Yellowknife deputy mayor Garett Cochrane will be in attendance to moderate the discussion. Speakers include Shutoatine former broadcaster and chief Paul Andrew, longtime Yellowknifer Patrick Scott, Imam Aizaz Khan and NWT chief public health officer Dr Kami Kandola.
“They are going to express maybe how they would address mental health and how it relates to them, or how it relates to their faith or their community or background. For example, we have people from the Aboriginal spiritual community, the Christianity community and the Islamic community,” Ahmad said.
“It’s also something we’re really looking forward to in the sense that it shows all the different avenues and all the different ways we can help each other, as well as learn from each other. To see the similarities that we have, not just the differences.”
On September 23, Ahmad will travel to Hay River to represent the Ontario charity as an imam at a similar event being held for the seventh time in the town.
Speakers at Hay River’s recreation centre will include Mayor Kandis Jameson, Kátł’odeeche First Nation Chief April Martel and Diamond Jenness Secondary School principal Lynne Beck.

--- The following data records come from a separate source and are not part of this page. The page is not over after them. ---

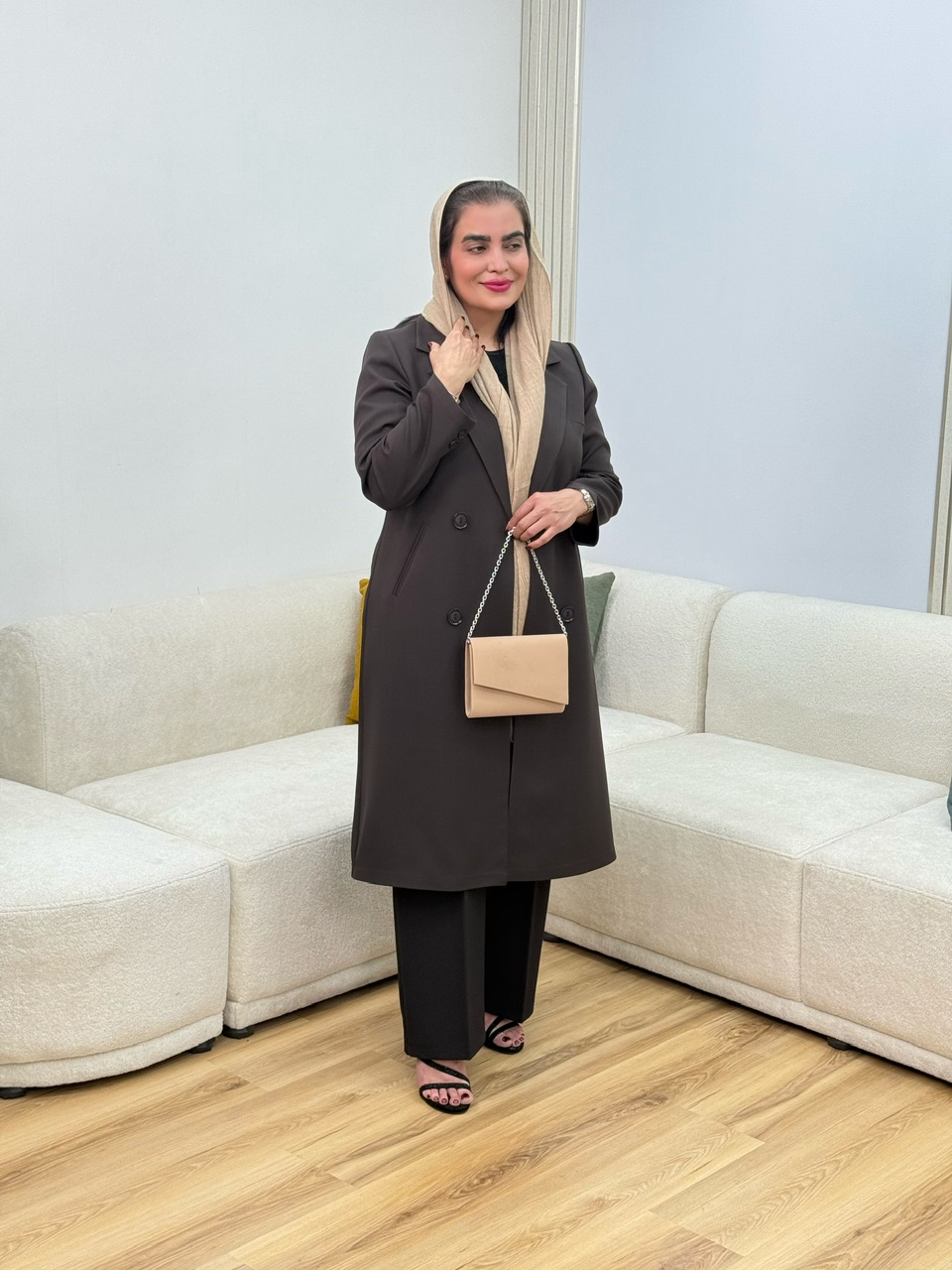 مانتو ماریانا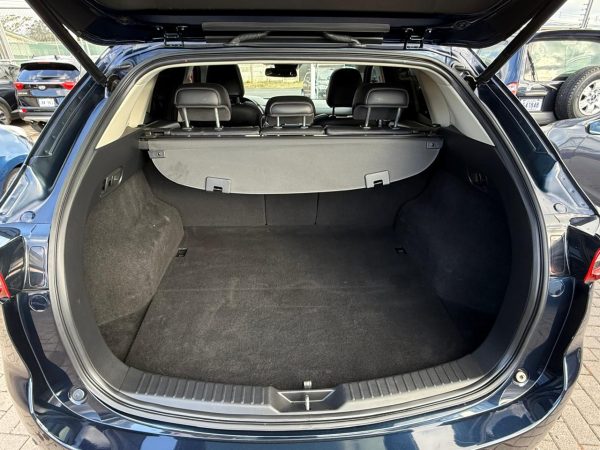 Mazda CX-5  2020 - Image 11
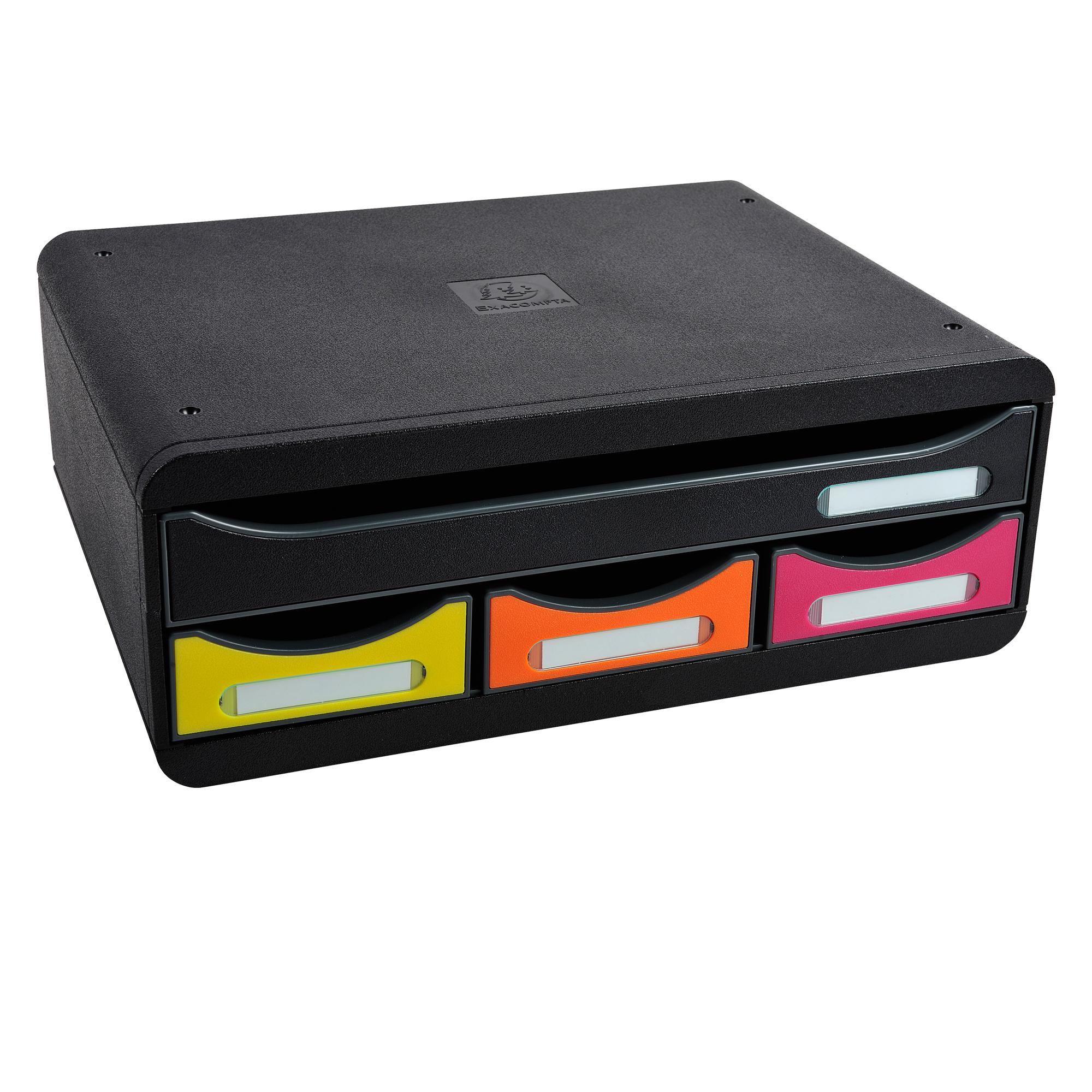 Cassettiera Toolbox - 27 x 35,5 x 13,5 …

Ahmad said organizers are working toward bringing this form of discussion to smaller communities in the territory.
“I have visited Fort Providence and Fort Smith as well. We haven’t had official programs there yet. We’ve had more one-on-one conversations and meeting people of those residences, but we travel throughout the Northwest Territories,” he said.
“We don’t have anything on that scale yet, but we’re working towards it, and Inshallah, we will be able to have something at a larger scale for all of these different areas.”